# Homestead in West TN for sale offered at a great price



## knuckledragger (Jun 6, 2007)

This certainly isn't what my family wants, but due to cutbacks in the fire department, we are having to downsize, move to town, and see if I can make it into nursing school.

We are selling our homestead. We have a four bed, three bath house (2300 square feet) on four acres that includes:

a pond with bass and possible catfish and bream
a 30'x30' shop wired for electricity
a 22'x10' barn with a loft, wired for electricity with an adjoining...
10'x6' chicken coop
2 peach trees, 2 apple trees, 2 blueberry bushes
a large garden area including some raised beds that easily produces 100+ quarts of veggies a year
fenced and cross fenced

It have it priced well below appraisal to move it quickly.
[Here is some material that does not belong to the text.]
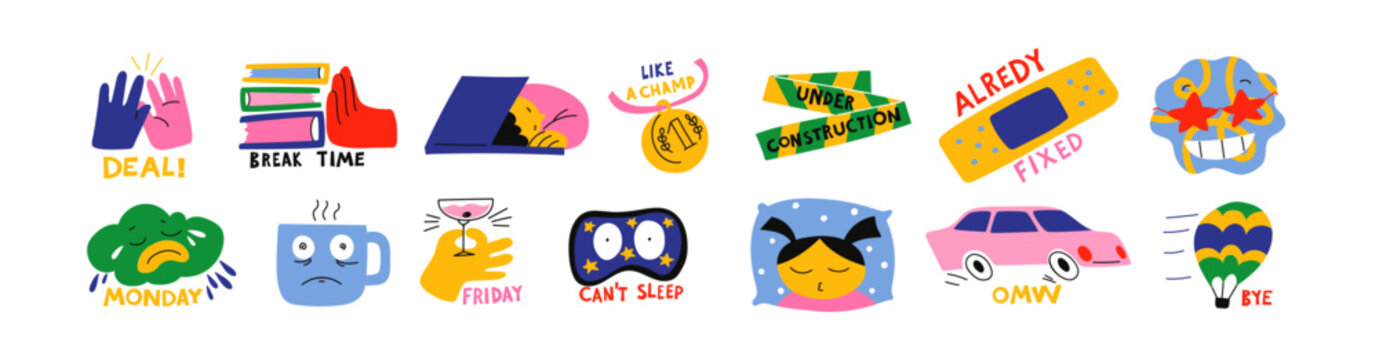 Cartoon stickers comic weekdays workers . Labor, schedule, business, office retro blot characters with emotions. Retro vector doodle mascots in 90s style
We are wanting to get $130,000 for it. It is between Ripley and Henning, TN. Let me know if you are interested.


----------



## StickyFloors (Aug 4, 2014)

Sounds lovely, good luck to you!


----------



## Wylie Kyote (Dec 1, 2009)

Hey knuckledragger. Sounds good but do you have pic's?

Wylie


----------



## knuckledragger (Jun 6, 2007)

not yet. I am doing some trim work in the house and getting registered for school. I will update this post with pics in the near future.


----------